Parsing text files with "magic" values

Question

Background

I have some large text files used in an automation script for audio tuning. Each line in the text file looks roughly like:

A[BANANA] + B[PINEAPPLE] - C[CHERRY] [[BANANA]] BANANA # BANANA

The text gets fed to an old command-line program which searches for keywords, and swaps them out. Sample output would be:

A[0] + B[100] - C[0x1000] [[0]] 0 # 0
A[2] + B[200] - C[0x100A] [[2]] 0 # 0

Problem

Sometimes, text files have keywords that are meant to be left untouched (i.e. cases where we don't want "BANANA" substituted). I'd like to modify the text files to use some kind of keyword/delimiter that is unlikely to pop up in normal circumstances, i.e:

A[#1] + B[#2] - C[#3] [[#1]] #1 # #1

Question

Does python's text file parser have any special indexing/escape sequences I could use instead of simple keywords?

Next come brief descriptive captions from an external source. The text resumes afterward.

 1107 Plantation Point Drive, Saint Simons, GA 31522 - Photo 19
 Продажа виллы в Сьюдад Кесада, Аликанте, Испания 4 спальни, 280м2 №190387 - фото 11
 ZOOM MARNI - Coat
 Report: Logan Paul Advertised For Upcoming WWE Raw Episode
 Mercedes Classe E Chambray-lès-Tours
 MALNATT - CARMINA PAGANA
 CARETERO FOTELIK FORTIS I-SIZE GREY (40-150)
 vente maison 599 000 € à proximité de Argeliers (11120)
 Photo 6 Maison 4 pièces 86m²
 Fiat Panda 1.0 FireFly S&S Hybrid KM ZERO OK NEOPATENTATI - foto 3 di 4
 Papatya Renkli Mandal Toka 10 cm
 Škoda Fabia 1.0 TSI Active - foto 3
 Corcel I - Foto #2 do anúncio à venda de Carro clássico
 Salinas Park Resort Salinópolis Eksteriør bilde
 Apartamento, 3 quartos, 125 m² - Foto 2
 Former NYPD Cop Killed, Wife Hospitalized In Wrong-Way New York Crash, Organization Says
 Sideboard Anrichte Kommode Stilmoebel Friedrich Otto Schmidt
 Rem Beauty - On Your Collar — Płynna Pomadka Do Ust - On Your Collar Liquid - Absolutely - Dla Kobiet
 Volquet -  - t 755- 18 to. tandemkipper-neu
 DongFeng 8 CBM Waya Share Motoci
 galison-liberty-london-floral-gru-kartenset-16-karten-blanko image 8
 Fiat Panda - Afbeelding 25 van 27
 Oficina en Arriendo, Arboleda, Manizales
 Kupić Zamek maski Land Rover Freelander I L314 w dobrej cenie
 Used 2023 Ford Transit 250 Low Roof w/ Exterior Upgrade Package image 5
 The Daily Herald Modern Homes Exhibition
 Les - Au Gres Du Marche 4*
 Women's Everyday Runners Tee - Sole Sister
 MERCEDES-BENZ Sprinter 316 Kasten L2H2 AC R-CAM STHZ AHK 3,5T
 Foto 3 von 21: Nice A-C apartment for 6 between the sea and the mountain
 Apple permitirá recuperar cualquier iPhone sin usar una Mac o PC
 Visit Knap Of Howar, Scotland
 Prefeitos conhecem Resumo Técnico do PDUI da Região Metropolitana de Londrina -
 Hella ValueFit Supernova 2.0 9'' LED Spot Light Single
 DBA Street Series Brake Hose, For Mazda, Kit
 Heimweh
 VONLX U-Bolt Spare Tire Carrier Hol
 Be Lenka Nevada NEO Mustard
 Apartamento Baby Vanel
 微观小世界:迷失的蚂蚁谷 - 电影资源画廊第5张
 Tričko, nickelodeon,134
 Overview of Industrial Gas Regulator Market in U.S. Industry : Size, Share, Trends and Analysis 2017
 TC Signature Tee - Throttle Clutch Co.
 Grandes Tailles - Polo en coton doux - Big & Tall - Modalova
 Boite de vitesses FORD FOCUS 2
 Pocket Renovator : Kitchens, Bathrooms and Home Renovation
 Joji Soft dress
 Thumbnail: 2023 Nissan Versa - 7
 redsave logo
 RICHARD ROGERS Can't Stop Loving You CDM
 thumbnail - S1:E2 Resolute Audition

You don't mean that all of the input lines look like that? Do you have a grammar for the input lines? — Bill Bell, Commented Jan 31, 2018 at 18:41
This is a strange post, almost confusing. What is this, like mail merge? A simple key/value pair that needs to be swapped out? It's pretty simple, why is it confusing me ? — user557597, Commented Jan 31, 2018 at 19:08
If you don't want "BANANA" substituted for, then why would you substitute in #1? — President James K. Polk, Commented Jan 31, 2018 at 21:05

Jean-François Fabre · Accepted Answer · 2018-01-31 18:58:51Z

2

use a regular expression replacement function with a dictionary.

Match everything between brackets (non-greedy, avoiding the brackets themselves) and replace by the value of the dict, put original value if not found:

import re

d = {"BANANA":"12", "PINEAPPLE":"20","CHERRY":"100","BANANA":"400"}
s = "A[BANANA] + B[PINEAPPLE] - C[CHERRY] [[BANANA]]"

print(re.sub("\[([^\[\]]*)\]",lambda m : "[{}]".format(d.get(m.group(1),m.group(1))),s))

prints:

A[400] + B[20] - C[100] [[400]]

answered Jan 31, 2018 at 18:58

Jean-François Fabre♦

140k24 gold badges177 silver badges244 bronze badges

Add a comment |

Ajax1234 · Accepted Answer · 2018-01-31 18:45:35Z

You can use re.sub to perform the substitution. This answer creates a list of randomized values to demonstrate, however, the list can be replaces with the data you are using:

import re
import random
s = "A[BANANA] + B[PINEAPPLE] - C[CHERRY] [[BANANA]]"
new_s = re.sub('(?<=\[)[a-zA-Z0-9]+(?=\])', '{}', s)
random_data = [[random.randint(1, 2000) for i in range(4)] for _ in range(10)]
final_results = [new_s.format(*i) for i in random_data]
for command in final_results:
  print(command)

Output:

A[51] + B[134] - C[864] [[1344]]
A[468] + B[1761] - C[1132] [[1927]]
A[1236] + B[34] - C[494] [[1009]]
A[1330] + B[1002] - C[1751] [[1813]]
A[936] + B[567] - C[393] [[560]]
A[1926] + B[936] - C[906] [[1596]]
A[1532] + B[1881] - C[871] [[1766]]
A[506] + B[1505] - C[1096] [[491]]
A[290] + B[1841] - C[664] [[38]]
A[1552] + B[501] - C[500] [[373]]

Lookarounds are much more "expensive" - rather match the brackets and put them in the substitution back again. See mine vs. your's, 27 vs 81 steps, a third. — Jan, Commented Jan 31, 2018 at 18:51

Jan · Accepted Answer · 2018-01-31 19:44:57Z

Just use

\[([^][]+)\]

And replace this with the desired result, e.g. 123.

Broken down, this says

\[       # opening bracket
([^][]+) # capture anything not brackets, 1+ times
\]       # closing bracket

See a demo on regex101.com.

For your changed requirements, you could use an OrderedDict:

import re
from collections import OrderedDict

rx = re.compile(r'\[([^][]+)\]')
d = OrderedDict()

def replacer(match):
    item = match.group(1)
    d[item] = 1
    return '[#{}]'.format(list(d.keys()).index(item) + 1)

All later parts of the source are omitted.